A crucible of informative mistakes
Hein van den Heuvel
Honored Contributor

Re: Problem: Open Variable-length record format as streamlf

Glad to read you found a solution.
Whether a file is variable-length or stream-xxxis a permanent attribute. As such the 'rfm=stmlf' is only a CREATE time option. As yo probably know, you can verify an existing file with DIR/FULL or F$FILE(file,"RFM").
You can change the RFM through CONVERT
(VMS 8.3: CONVER/FDL="RECORD; FORMAT STREAM_LF" var stm
Mostly the RFM _should_ be transparent to the application though!

Regards,
Hein.



Alexey Chupahin
Occasional Advisor

Re: Problem: Open Variable-length record format as streamlf

Thank you all for answers,

In Clamav antivirus porting process, I find a problem viruses in var-record format html files cannot be detected. I just find that a
read() function looks like
i=read(fd, *buffer, 256);
reads only 30 symbols instead of 256.
If I change file attributest to
SET FILE/ATTR=(RFM:STMLF)
it works nice.

when I add in open() function "ctx=stm","rfm=stmlf" it solves my problem.
This is non-good approach may be?
Hein van den Heuvel
Honored Contributor

Re: Problem: Open Variable-length record format as streamlf

Stick with just ctx=stm

You are NOT supposed to do a SET FILE/ATTR=(RFM:STMLF) on a variable length file unless you know exactly what you are doing, in which case you would not ask here.

By doing that the record length (16 bit binary integer record header and optional 8 bit word allignment fill per record will show up in the data stream creating nasty surprises.

Regards,
Hein.


Jansen_8
Regular Advisor

Re: Problem: Open Variable-length record format as streamlf

Some explanantion of how the files were created and the reason of the question:

I'm trying to use ClamAV ported by Alexey to perform an automatic virus-scan on all my incoming E-mails. To intercept the E-mail contents I use the package DELIVER (from Hunter's site???). This package written in Pascal give the file with a variable record format.

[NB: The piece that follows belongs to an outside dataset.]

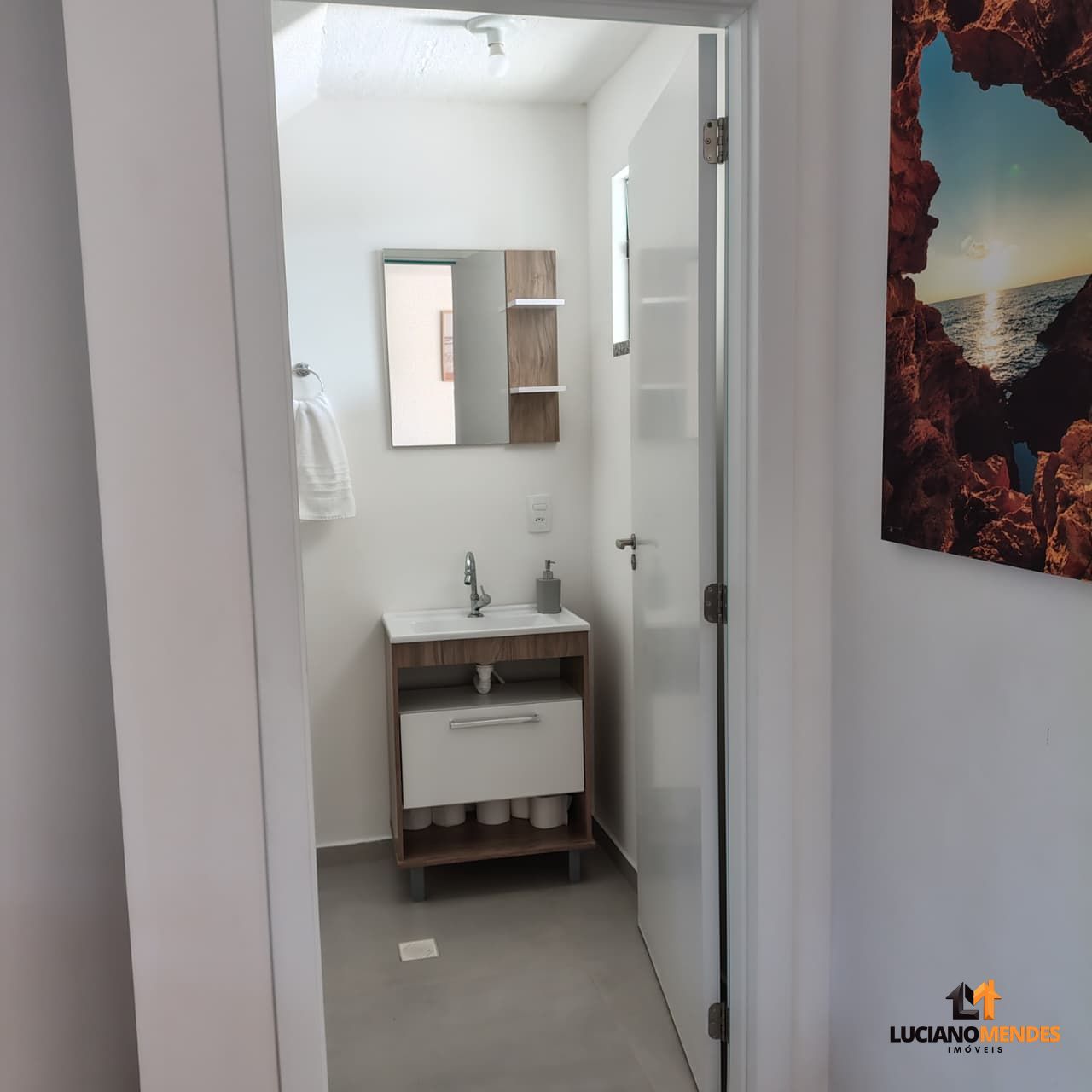 Sobrado completo, mobiliado e com excelente espaço gourmet – a cerca de 1.000m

Than I use ClamAV to check the file, but no virusses are detected ever. However if you change the file format (set file/attr=rfm:stmlf) ClamAV suddenly detects the "correct" virus (as discovered by Alexey last night)

Jouk
Hoff
Honored Contributor

Re: Problem: Open Variable-length record format as streamlf

ClamAV isn't dealing with RMS record structures correctly. (Yes, my grasp of the obvious is on display once again.)

On Unix, everything is a byte stream.

On OpenVMS, it's a record stream and the tool or the C RTL has to reassemble it. Depending on the record structures, a straight byte-stream operation will potentially encounter either the VFC bytes, or the carriage control, or other such low-level record data. Sequential files are not directly transportable, save for a very few specific formats.

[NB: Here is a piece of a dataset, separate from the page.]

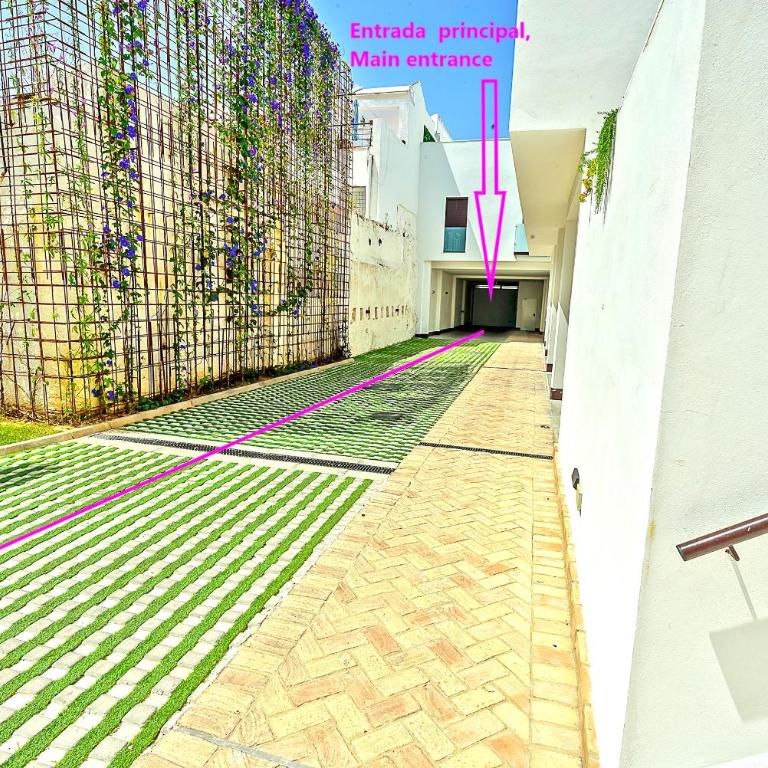Jacuzzi & Pool House w Rooftop Terrace, Garden BBQ - Casa - 23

This looks to be the same basic problem as the Apache web server hit. You might look to see what was done to adjust that code. (There was a release or two where all files served by SWS/Apache had to be stream LF, and that was fixed in the most recent release(s).

--

Haven't looked to see if ClamAV is dealing with the polymorphic or metamorphic malware that's now loose in the wild. But that's fodder for another discussion.